TASK OBJECTIVE
What you return should be the entries, unchanged, without their pictures.

Captioned web images
....
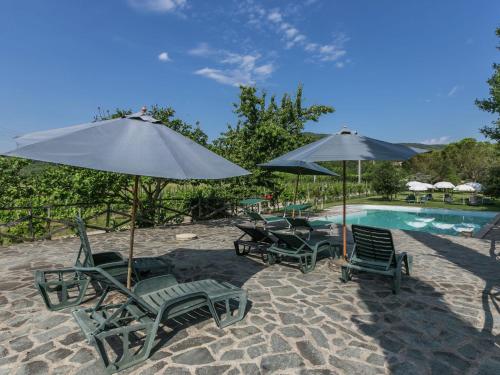 Der Swimmingpool an oder in der Nähe von Authentic farmhouse with pool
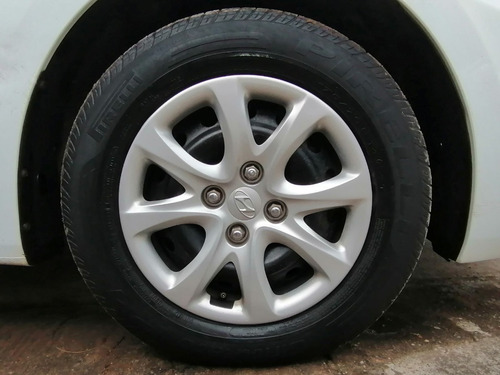 Imagen 7 de 15 de Dodge Attitude Gl 2012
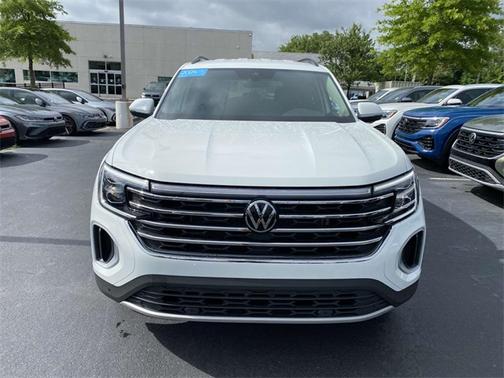 2024 Volkswagen Atlas 2.0T SE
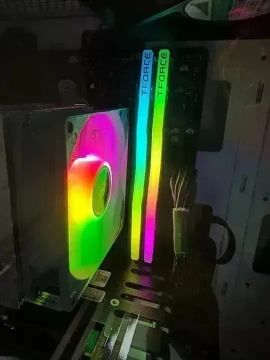 Memórias RAM DDR4 8GB 3200Mhz RGB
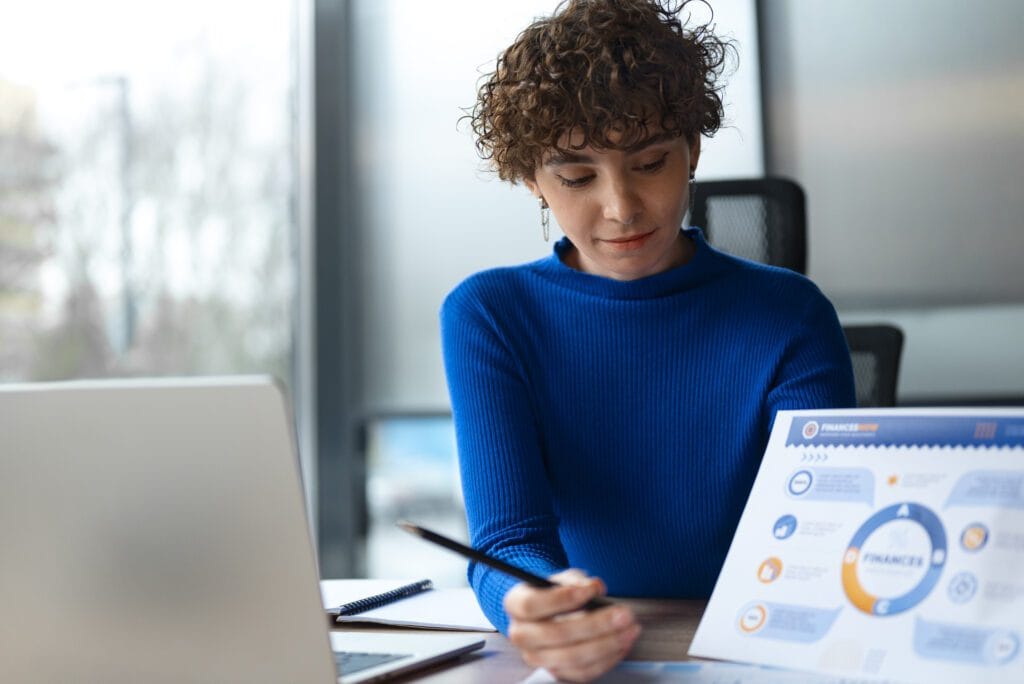 mulher em um escritório mostrando um gráfico financeiro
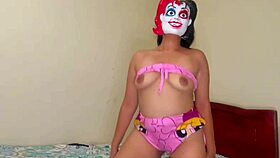 A Solas Se Toca Y Desea Ser Penetrada Muy Duro Por Ese Co�o Y Ese Culo Madrastra Provoca Con Un Video Porno Sexo Real Casero Amateurs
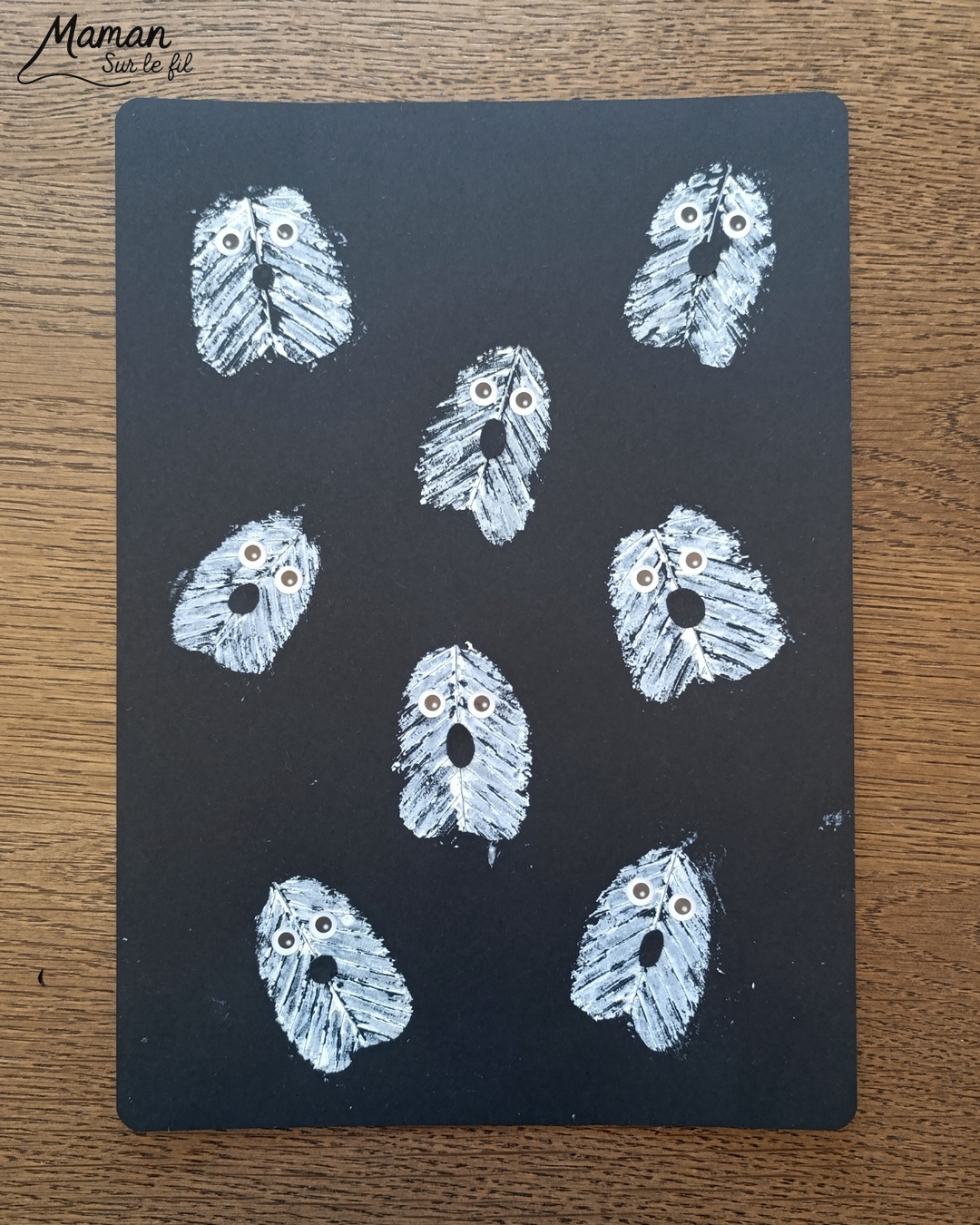 Peindre des fantômes en empreintes de feuilles : activité créative, peinture et manuelle enfants - Utilisation des feuilles mortes d'automne - Les peindre avec de la gouache en stick et utiliser les empreintes - Land art et nature - Gommettes Yeux et dessin - Bricolage et décoration DIY et facile - Bricolage Fait maison, décoration - Thème Halloween, nuit, peur, fantômes - Bricolage sympa et facile - Arts visuels Maternelle et cycle 2 - Maternelle et élémentaire - Créativité - Cycle 1 ou 2 - tutoriel photos et vidéo - mslf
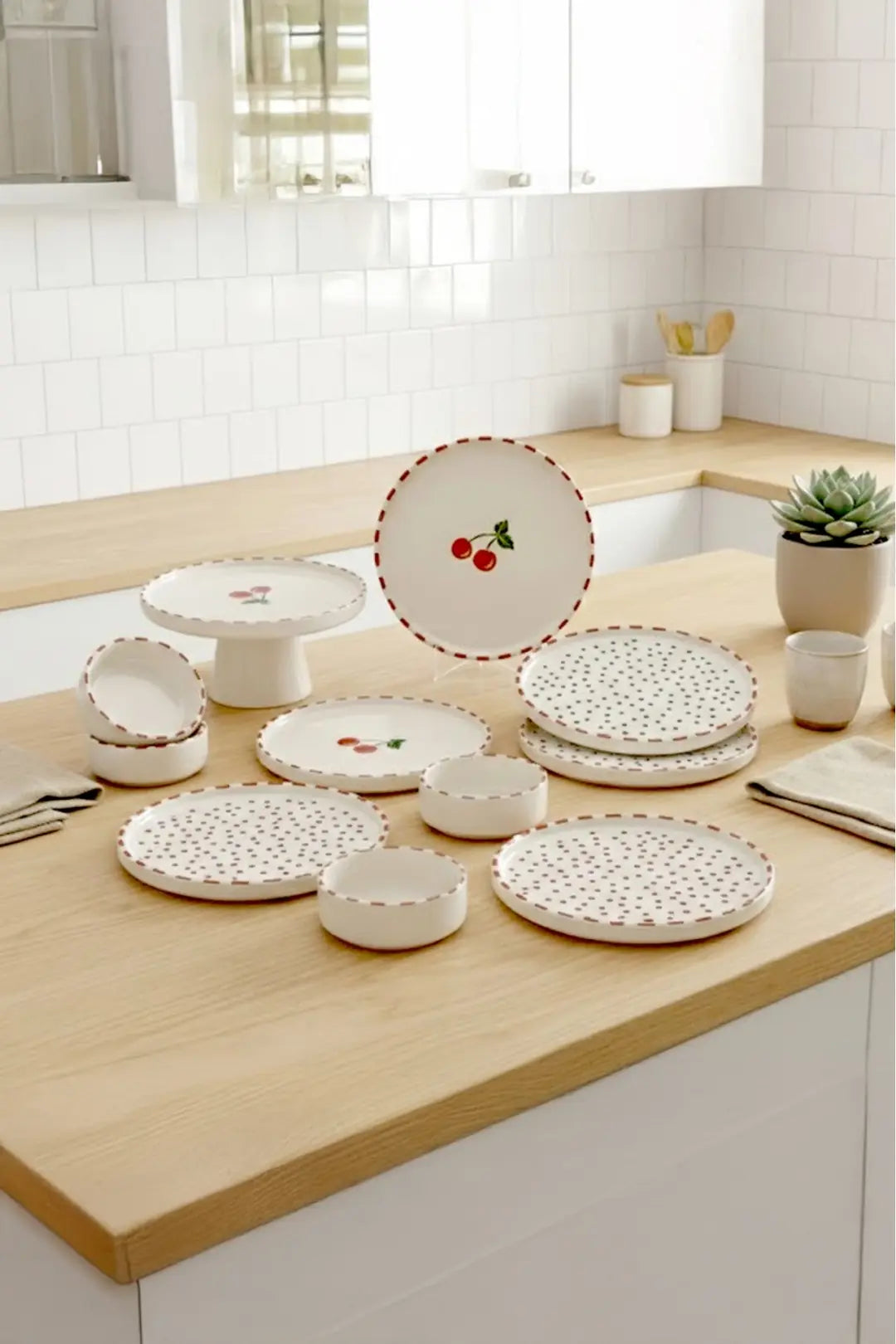 Kitchen Life Kiraz Stackable 11 Parça 6 kişilik Kahvaltı Takımı-Lüx Kahvaltılık Sunum Seti Tabağı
....
YOUR SOLUTION
 Der Swimmingpool an oder in der Nähe von Authentic farmhouse with pool
 Imagen 7 de 15 de Dodge Attitude Gl 2012
 2024 Volkswagen Atlas 2.0T SE
 Memórias RAM DDR4 8GB 3200Mhz RGB
 mulher em um escritório mostrando um gráfico financeiro
 A Solas Se Toca Y Desea Ser Penetrada Muy Duro Por Ese Co�o Y Ese Culo Madrastra Provoca Con Un Video Porno Sexo Real Casero Amateurs
 Peindre des fantômes en empreintes de feuilles : activité créative, peinture et manuelle enfants - Utilisation des feuilles mortes d'automne - Les peindre avec de la gouache en stick et utiliser les empreintes - Land art et nature - Gommettes Yeux et dessin - Bricolage et décoration DIY et facile - Bricolage Fait maison, décoration - Thème Halloween, nuit, peur, fantômes - Bricolage sympa et facile - Arts visuels Maternelle et cycle 2 - Maternelle et élémentaire - Créativité - Cycle 1 ou 2 - tutoriel photos et vidéo - mslf
 Kitchen Life Kiraz Stackable 11 Parça 6 kişilik Kahvaltı Takımı-Lüx Kahvaltılık Sunum Seti Tabağı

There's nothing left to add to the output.